### [EXERCISE AIM]
Only one stretch of the data should be retyped: the lines from the line containing "Apex Rugby Academy" through the line containing "Commercial Land 1256". Keep pictures out of it.

### [EXERCISE INPUTS]
================================

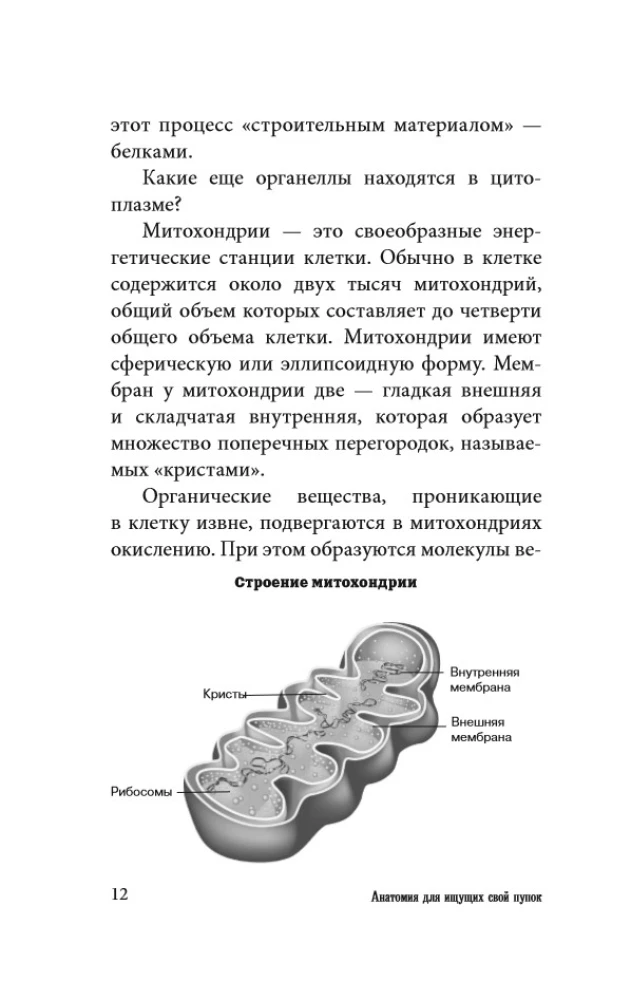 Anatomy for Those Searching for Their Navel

================================

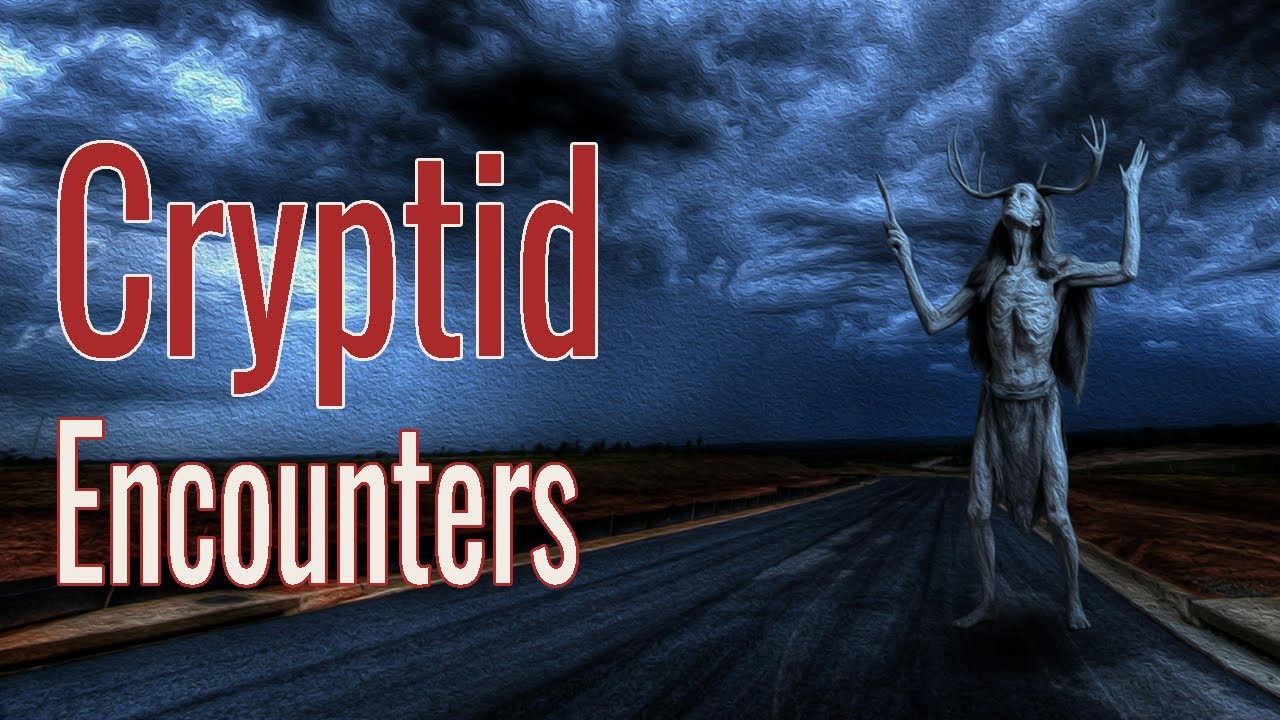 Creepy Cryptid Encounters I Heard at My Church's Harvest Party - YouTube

================================

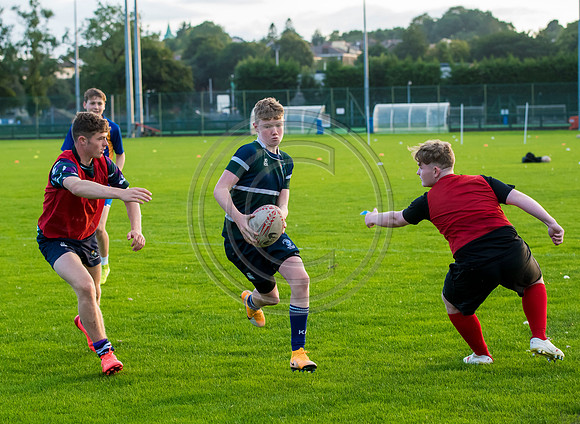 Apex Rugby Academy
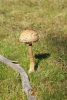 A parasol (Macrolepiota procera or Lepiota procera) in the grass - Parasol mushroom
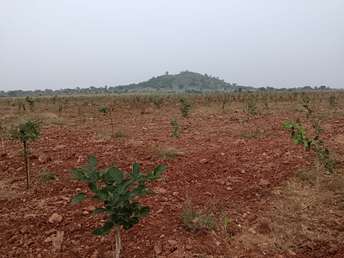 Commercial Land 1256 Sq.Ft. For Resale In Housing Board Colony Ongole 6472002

================================

### [WRITTEN REPLY]
 Apex Rugby Academy
 A parasol (Macrolepiota procera or Lepiota procera) in the grass - Parasol mushroom
 Commercial Land 1256 Sq.Ft. For Resale In Housing Board Colony Ongole 6472002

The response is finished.